7. Tending the trust based relationship carefully over time
"Don't think of your outsourced service provider as a "vendor." A vendor sells widgets; an outsourced service provider brings you knowledge and skills. Or it may be your knowledge and skills that you transfer and invest in the service provider to take advantage of their superior execution. No matter the specifics of the relationship, it demands a high degree of trust as well as a willingness to look continuously at the work with fresh eyes.
Many business alliances fail either because the parties don't share the same business values or because there isn't enough in the deal for everyone. When outsourcing relationships work, however, they can deliver value beyond expectations. An organisation should ask some hard questions of their service provider before consummating the deal: How does it treat its people? Its customers? What does it believe about service quality, innovation, and ethics? And how does it handle the inevitable bumps in the road?"

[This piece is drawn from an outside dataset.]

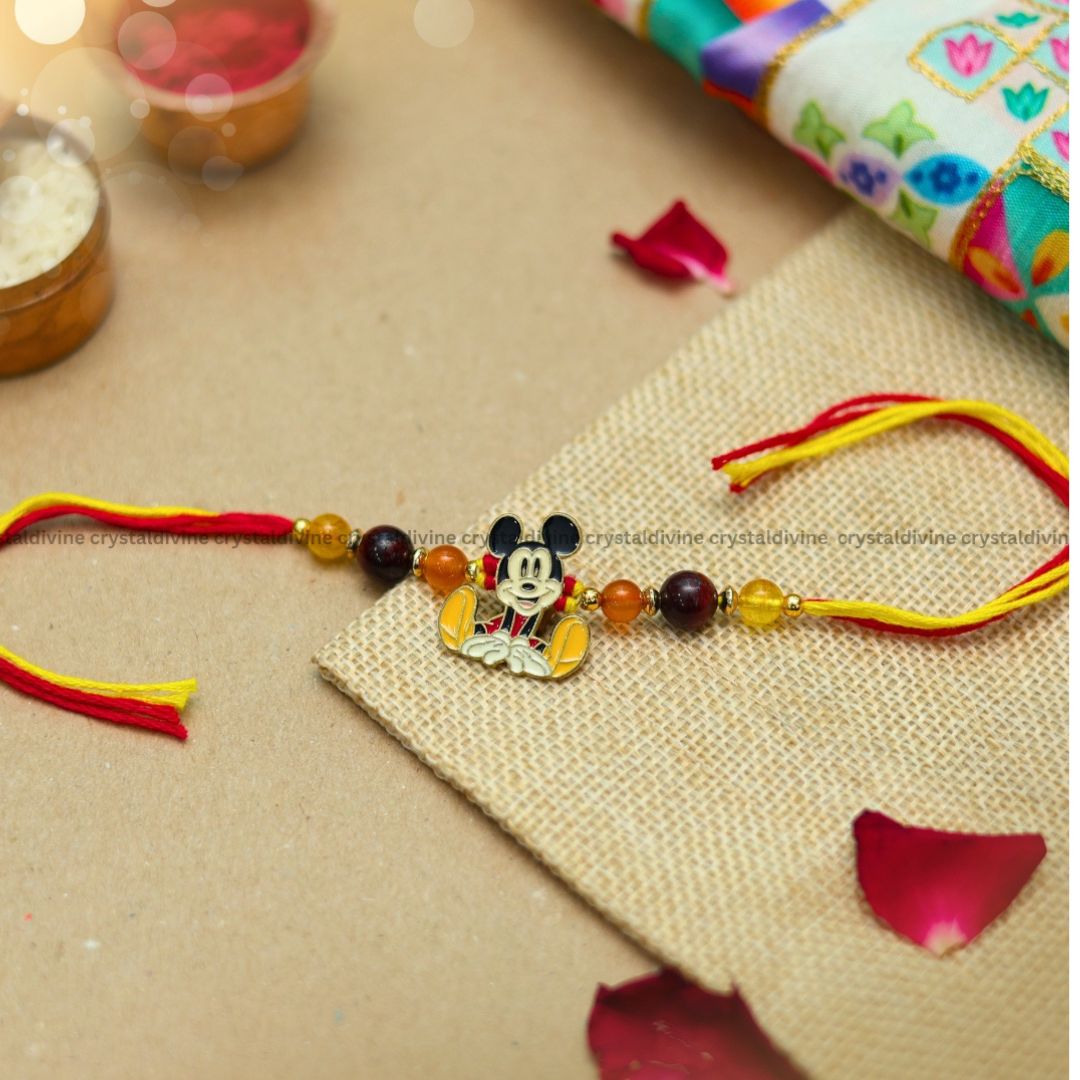 Mickey Mouse Crystal Rakhi(Blend of Fun, Sparkle & Sibling Love)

"Then structure a relationship where all parties enjoy financial benefits, growth opportunities, and the chance to contribute meaningfully. In business alliances, it's important to keep good partners strong. With that common ethic, trust will grow as the partnership flourishes.
If executed properly, outsourcing is a win-win situation. The organisation receives the benefits of best practices expertise and the service provider earns new business opportunities. Taking the time to implement the tactics discussed will make outsourcing relationships more successful by mutually increasing understanding, transparency, flexibility, communication and trust."